Monday, March 31, 2008

PDF imposition on OS X with Quartz and RubyCocoa

Since I banged my head against this for quite a bit before coming to a satisfactory solution, I figured I’d do a writeup.

Abstract:

Imposition is the process of arranging pages on a large sheet such that they appear in the proper order when cut and folded into a booklet. PDF, being a page-oriented format, lends itself particularly well to being shuffled. While a number of different pieces of software exist to do this (freeware, shareware, and as Adobe Acrobat plugins), none of them come with source code to be tinkered with. This article discusses the development of an imposition script using only the Mac OS X drawing API and the RubyCocoa bridge.

This has the advantage of a) being freely modifiable and b) working out of the box on Mac OS 10.5. It should run just fine on 10.3 and later, provided that the RubyCocoa bridge is installed.
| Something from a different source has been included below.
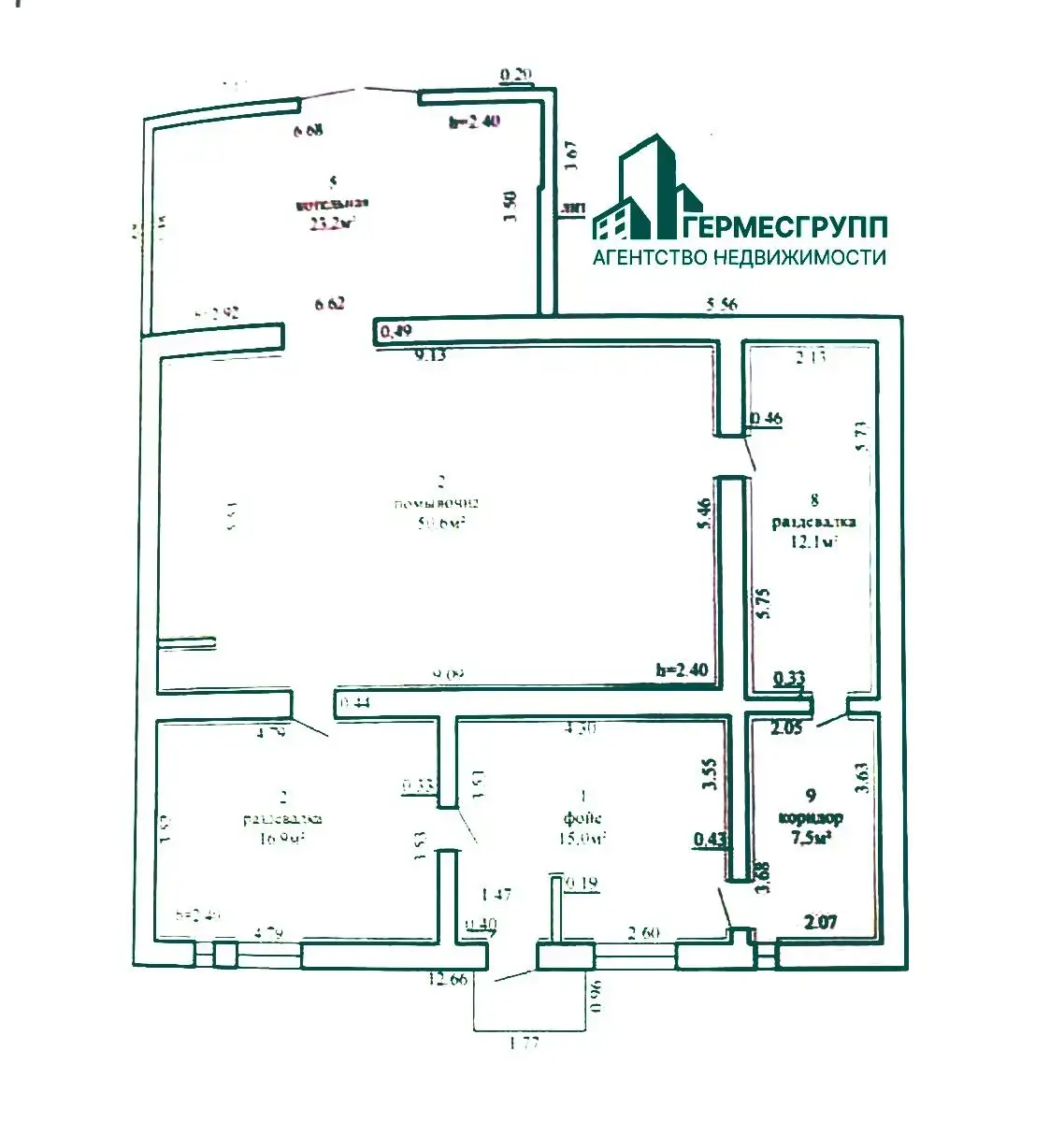 коттедж, Гуды,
The script provides a framework for re-ordering and arranging the pages of a PDF for booklet printing. An example subclass for printing DIN A6 (landscape) booklets is provided. More complicated imposition schemes and some sort of user interface are left as an exercise to the reader.

Problem:

I want to print DIN A6-sized booklets of 8 pages each. To do this, I need to rearrange the pages of my source PDF and print them 4-up such that they appear in the proper order when the page is cut in half and folded. This is known as imposition.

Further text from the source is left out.